Dubai Ports and the Extra 45 Days

I happen to know a lot about this for reasons I don't want to disclose on the blog. Anyway, there now seems to be some clamoring for an extended review process of the Dubai Ports World acquisition of control of six US ports, as the New York Times is reporting:

An objection from any member of the interagency committee would have started, as required by law, an additional 45-day review. Such a review is being urged by governors and members of Congress.
That interagency committee is the Committee on Foreign Investment in the United States (CFIUS), and its role is defined by statute in section 2170 of an appendix to Title 50 of the United States Code. Section 2170a says:

The President or the President's designee may make an investigation to determine the effects on national security of mergers, acquisitions, and takeovers . . . by or with foreign persons which could result in foreign control of persons engaged in interstate commerce in the United States. If it is determined that an investigation should be undertaken, it shall commence no later than 30 days after receipt by the President or the President's designee of written notification . . . Such investigation shall be completed no later than 45 days after such determination.
In short, there's the initial 30-day review, and if there are still national security concerns, there's an additional 45-day investigation, which is what a lot of people are suggesting now for Dubai Ports. The odd thing, though, is that such an additional 45-day investigation is actually required by statute when the foreign entity acquiring control of sensitive US assets is owned by a foreign government. Dubai Ports World is owned by the UAE government. This is in section 2170b:

The President or the President's designee shall make an investigation . . . in any instance in which an entity controlled by or acting on behalf of a foreign government seeks to engage in any merger, acquisition, or takeover which could result in control of a person engaged in interstate commerce in the United States that could affect the national security of the United States.
As the statute defined that term "investigation" in subsection a, it refers to the additional 45 days.
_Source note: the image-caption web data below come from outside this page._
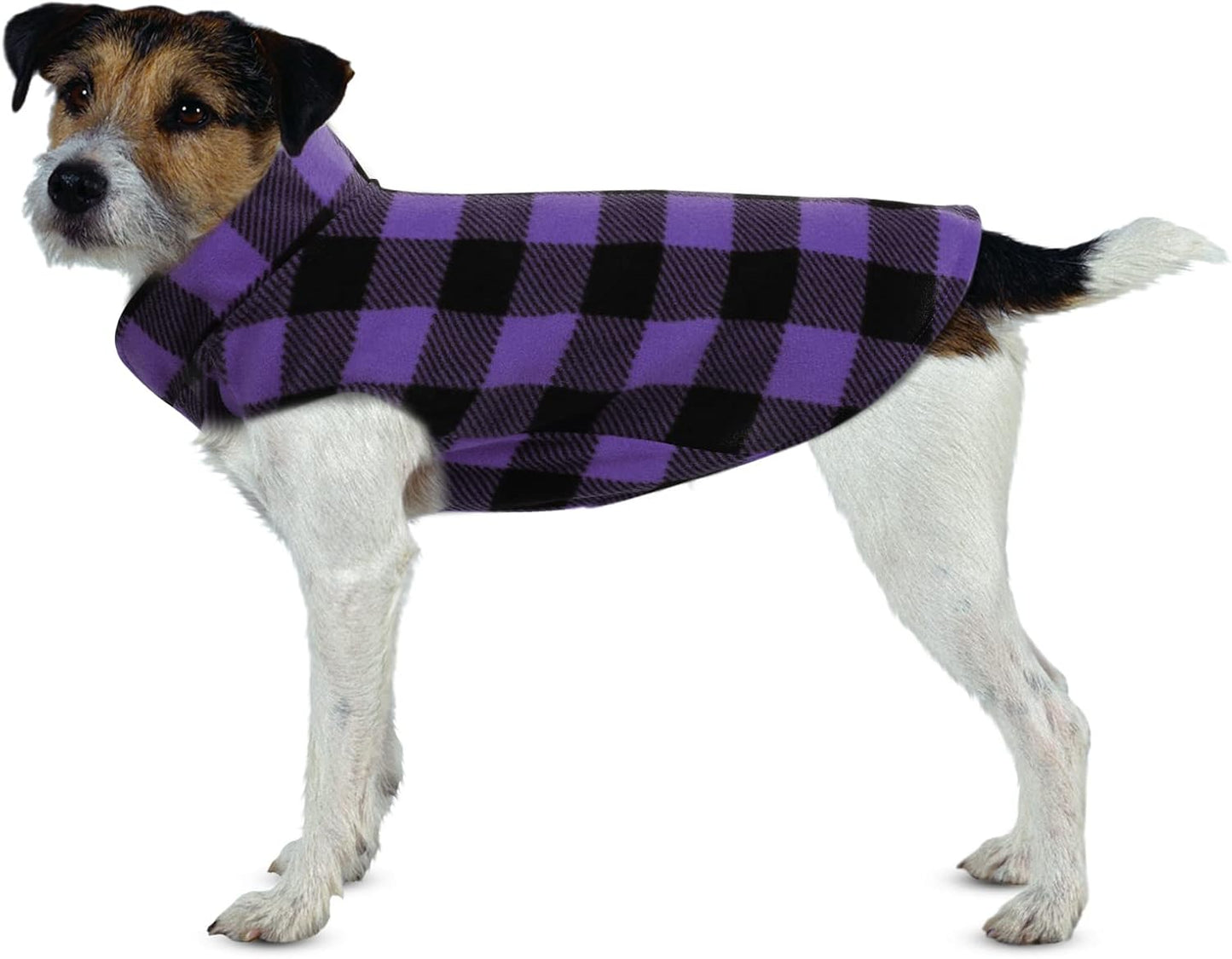 Asenku Plaid Dog Fleece Vest - Soft Comfortable Pet Pajamas with Warm Winter Coat, Jacket for Small & Medium Dogs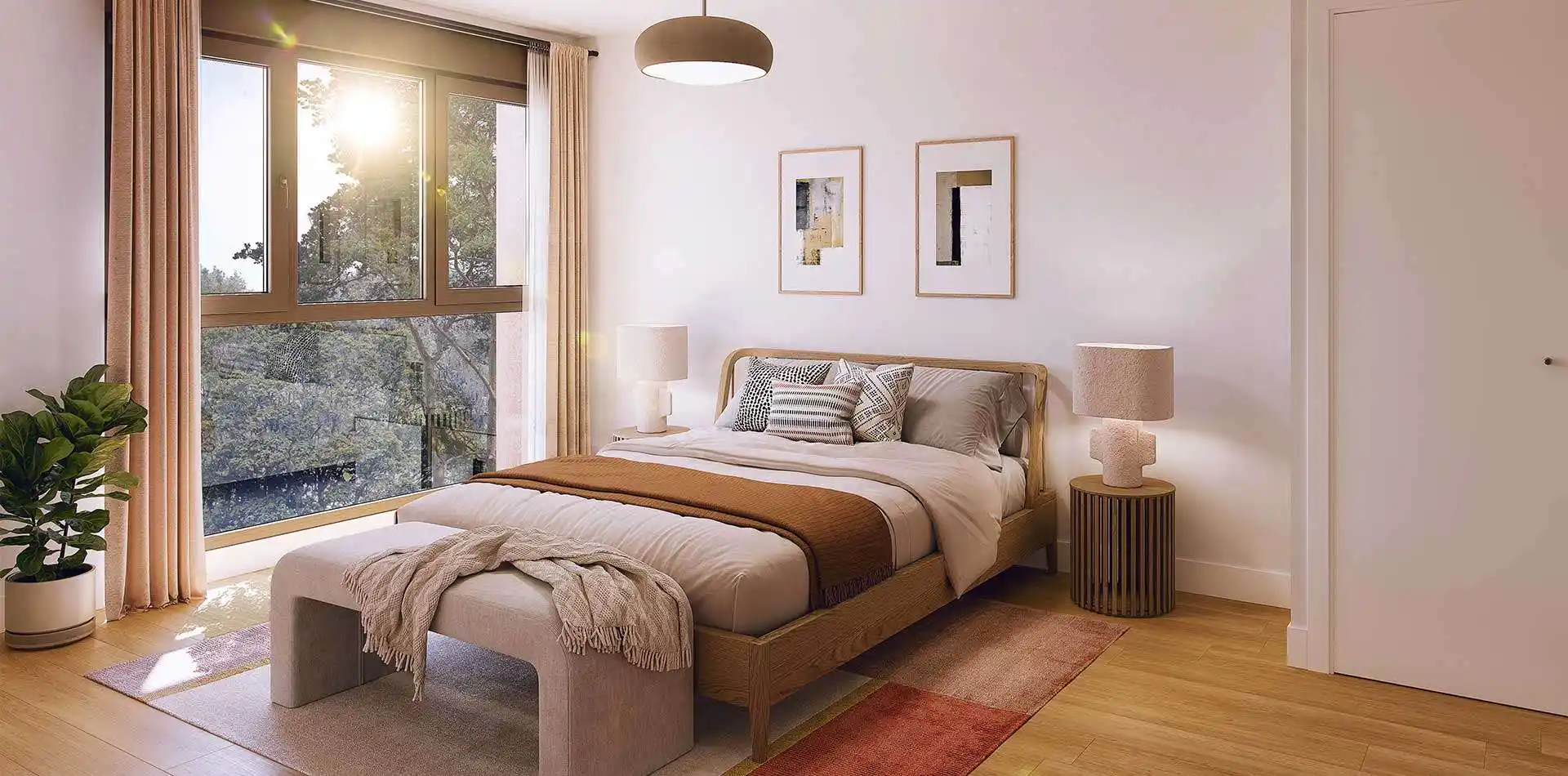 Amplio dormitorio con cama grande de la promoción iKasaClass Alcea
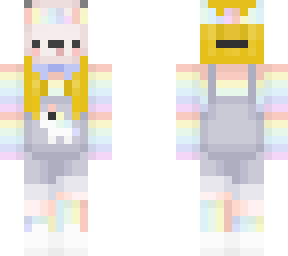 cute rainbow girl with overalls blond edit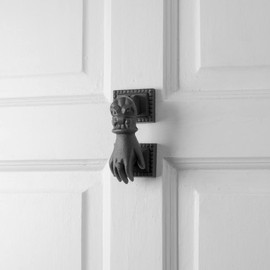 Renovators Supply Manufacturing Door Knockers for Front Door 4 in. Cast Iron Hand Shaped Door Knocker with Mounting Hardware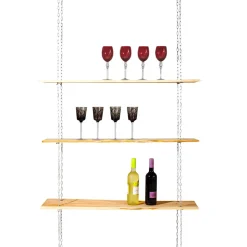 Estantería De Pared Con Cadena 3 Piezas, 100 Cm De Ancho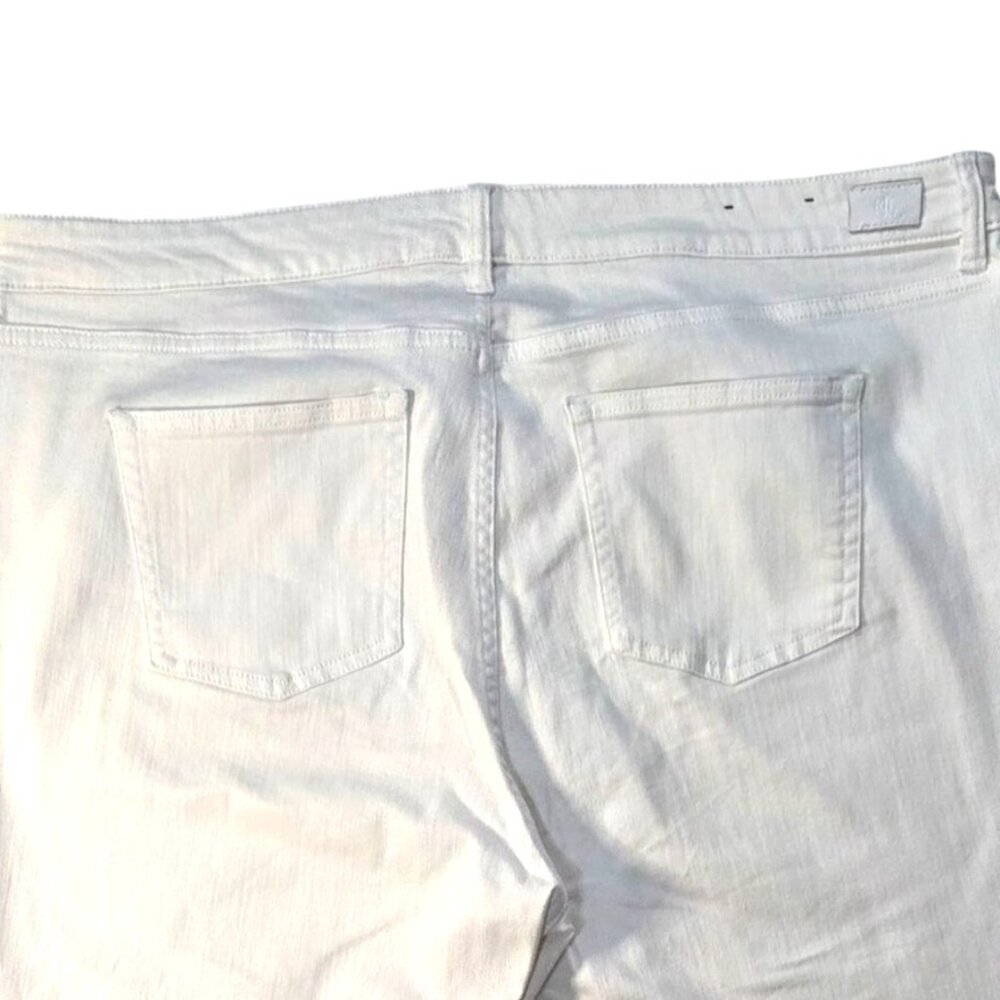 Lauren Ralph Lauren White Mid Rise Straight Leg Jeans Women's Plus Size 18W - Picture 4 of 7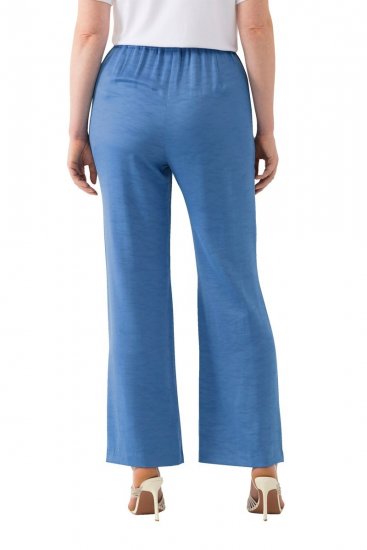 Ulla Popken 826163 Weite Anzughose Denimblau - Stoffhosen - Weite Stoffhosen für Damen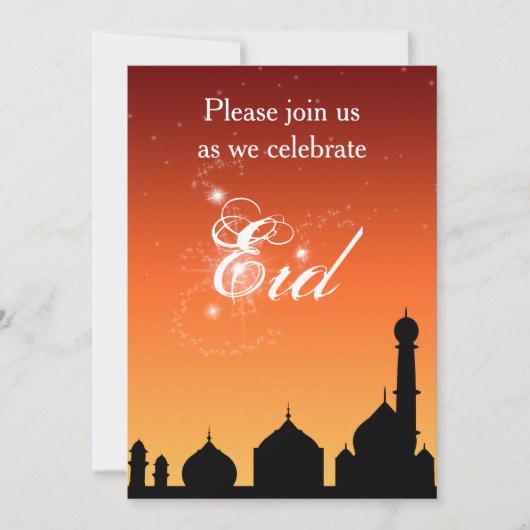 Invitation de partie d'Eid de ciel de soirée de (Devant)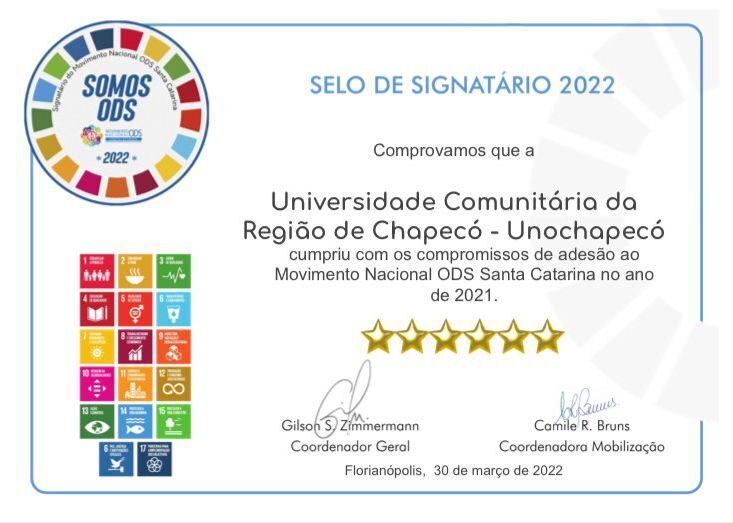 Unochapecó recebe o selo de signatária da ODS pelo quarto ano consecutivo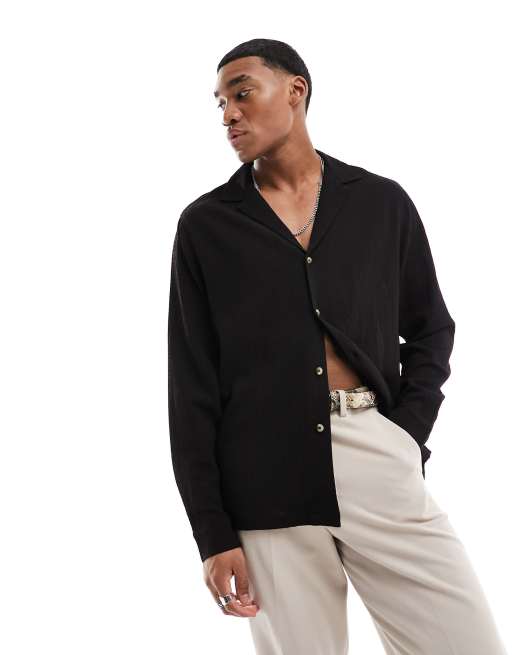 ASOS DESIGN relaxed deep camp collar shirt in lightweight texture in black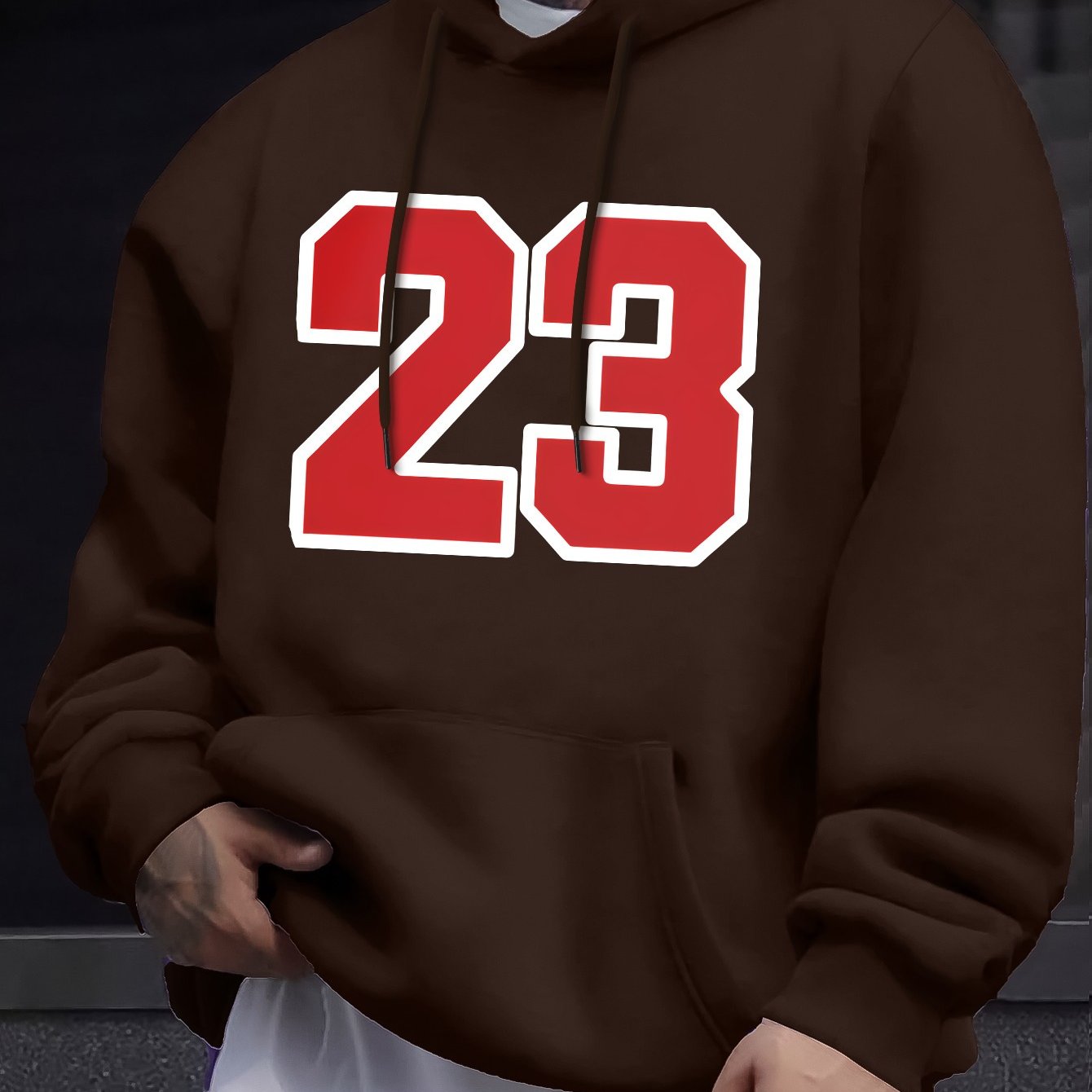 Men's Casual Hooded Sweatshirts with Geometric Number Pattern - Knit Fabric Polyester Blend with Slight Stretch, Hoodie for Spring/Fall Season - Regular Fit Pullover with Hood - Polyester 95%, Elastane 5%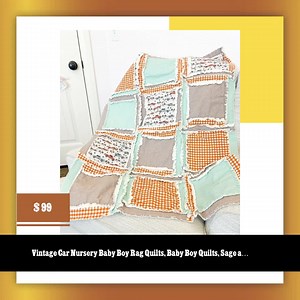 🚗 Bring a touch of nostalgia to your little one's nursery with these vintage car themed rag quilts! 🧵 Perfect for a baby boy, these sage and orange crib quilts are both stylish and cozy. 👶🏼 Snag one for just $99.00! 💰 #vintagecar #nurserydecor #babyboy #ragquilt #babyquilt #sageandorange #cribbedding #co Shop Now https://www.etsy.com/listing/1675320245/vintage-car-nursery-baby-boy-rag-quilts | A Vision to Remember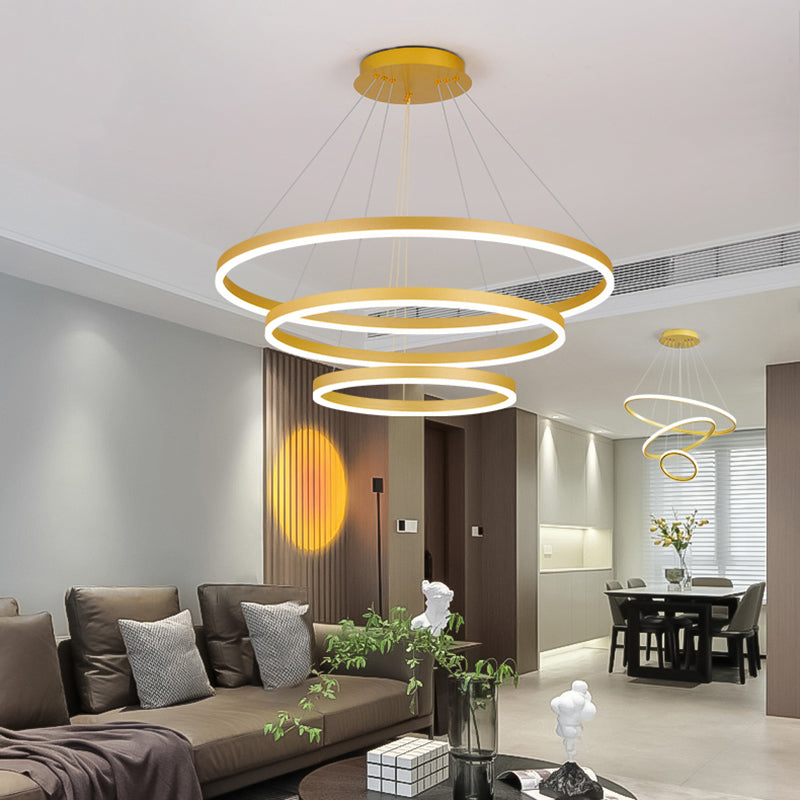 Metal Circular Pendant Lighting Fixture Modern Style LED Hanging Chandelier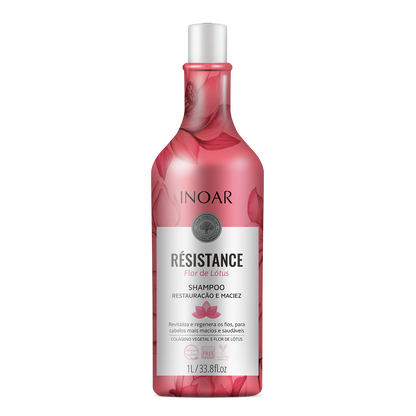 INOAR Resistance Flor de Lotus Shampoo - regeneruojantis blizgesio suteikiantis šampūnas 1000 ml
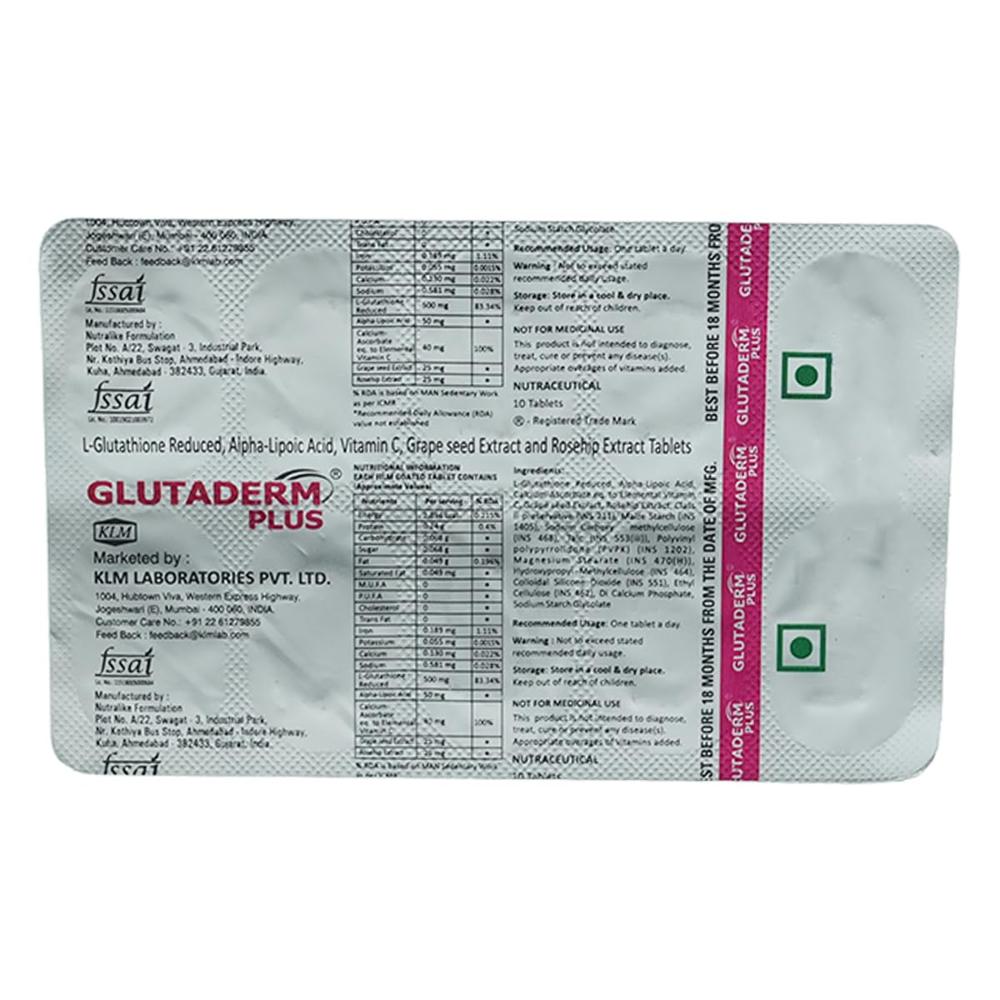 Glutaderm Plus Tablets - Drug Type: General Medicines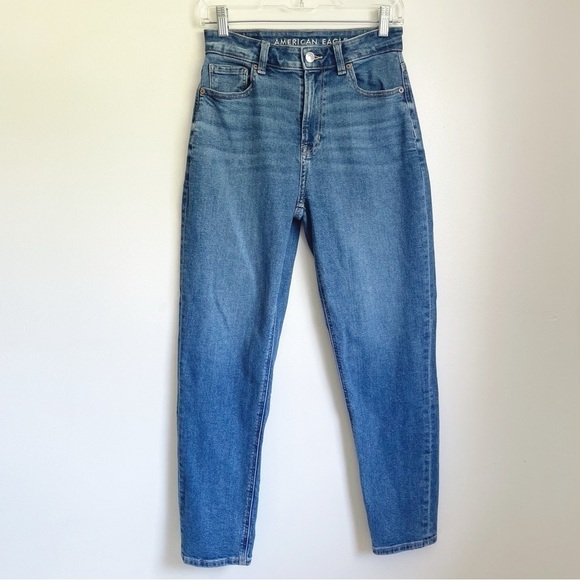 American Eagle Mom Jean size 2 solid blue no rips high rise solid basic denim - Picture 1 of 11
The bottom line is that the 45 days is supposed to be a requirement in this instance, not optional. If the members of the Bush administration's CFIUS didn't do the extra 45-day review here, they simply did not follow the statutory mandate, which requires a minimum 75-day total time reviewing anything that could become owned by a foreign government, regardless of how concerned they are about national security in any particular instance.

You know, reading the law really does help sometimes! I am tempted to attack the massive amount of other misinformation that is out there on this story, but I have probably said too much already.